#### WORK TASK
Would you write out each line of the material below exactly, skipping every picture?

#### GIVEN MATERIAL
━━━━━━━━━━━━━━━━━━━━
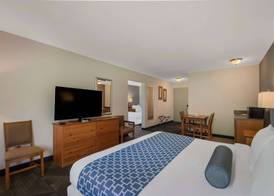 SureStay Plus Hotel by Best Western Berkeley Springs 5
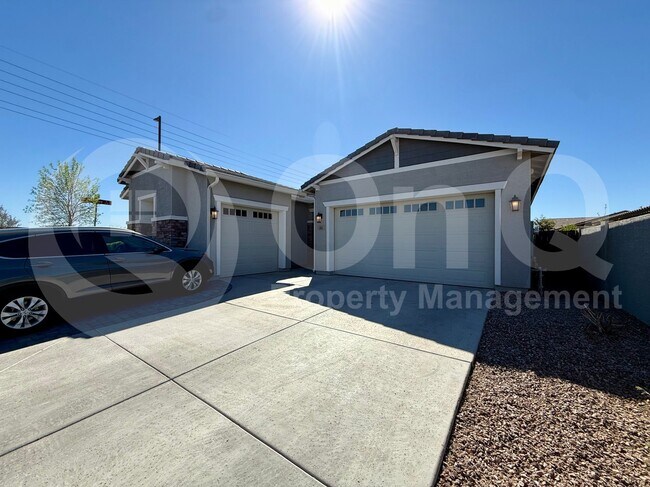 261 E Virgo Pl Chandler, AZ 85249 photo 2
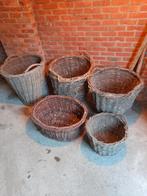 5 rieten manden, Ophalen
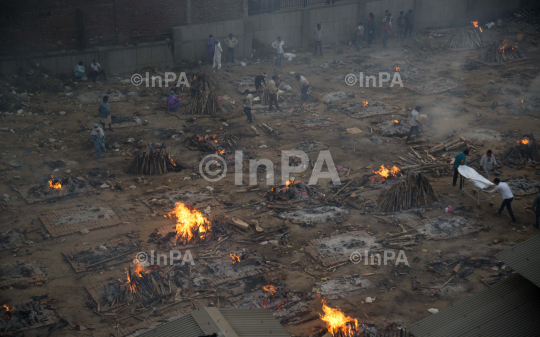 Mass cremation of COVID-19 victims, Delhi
━━━━━━━━━━━━━━━━━━━━
#### RESULT OF THIS EXERCISE
 SureStay Plus Hotel by Best Western Berkeley Springs 5
 261 E Virgo Pl Chandler, AZ 85249 photo 2
 5 rieten manden, Ophalen
 Mass cremation of COVID-19 victims, Delhi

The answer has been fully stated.